Le ministre des Affaires étrangères, Jean-Noël Barrot, a annoncé dimanche soir la convocation de l’ambassadeur américain. Cette décision fait suite à un commentaire publié par l’ambassade des États-Unis en France sur le réseau social X concernant le décès de Quentin Deranque, tué lors d’affrontements à Lyon. L’ambassade américaine avait exprimé son inquiétude face à « l’extrémisme violent de gauche » et souligné une « menace » pour la sécurité publique.
« Nous allons convoquer l’ambassadeur des États-Unis en France, puisque l’ambassade des États-Unis en France a fait un commentaire sur ce drame qui concerne la communauté nationale », a déclaré Jean-Noël Barrot, invité sur France Info/France Inter/Le Monde. Il a fermement réagi à ces déclarations, affirmant : « Nous refusons toute instrumentalisation de ce drame à des fins politiques. Nous n’avons aucune leçon à recevoir, s’agissant de la violence en particulier, de l’internationale réactionnaire. »
Quentin Deranque, 23 ans, militant d’extrême droite radicale, est décédé des suites d’une rixe survenue à Lyon entre des groupes d’extrême droite et des militants antifascistes. L’administration Trump a dénoncé vendredi « la violence politique d’extrême gauche » dans sa première réaction officielle à cet événement.
Cette affaire intervient dans un contexte de fortes tensions politiques en France, à l’approche des élections présidentielles de l’année prochaine.

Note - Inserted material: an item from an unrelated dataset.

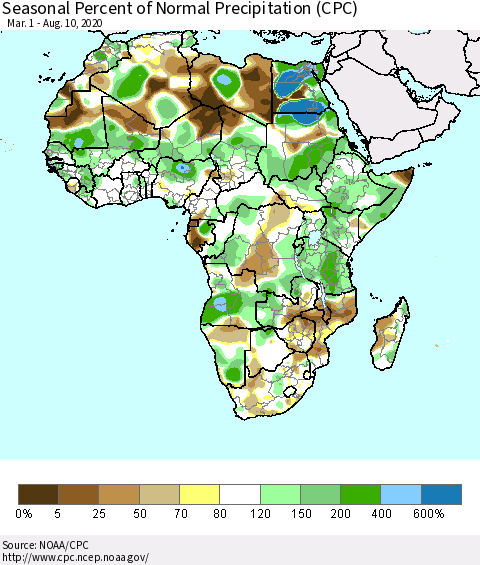 Africa Seasonal Percent of Normal Precipitation (CPC) Thematic Map For 3/1/2020 - 8/10/2020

Le président Emmanuel Macron a appelé au calme samedi, après une marche organisée à Lyon par des groupes d’extrême droite en hommage à Quentin Deranque, qui avait rassemblé environ 3 000 personnes.
Ce n’est pas la première fois que l’ambassadeur américain en France, Charles Kushner, est convoqué au Quai d’Orsay. En août dernier, il avait déjà été appelé à s’expliquer suite à des critiques jugées inacceptables par Paris concernant l’action d’Emmanuel Macron contre l’antisémitisme. À cette occasion, c’est le chargé d’affaires de l’ambassade américaine qui s’était rendu au ministère en l’absence de l’ambassadeur.
La Première ministre italienne, Giorgia Meloni, a également commenté la mort de Quentin Deranque, suscitant une réaction du président Macron qui lui a demandé de ne pas commenter les affaires intérieures françaises.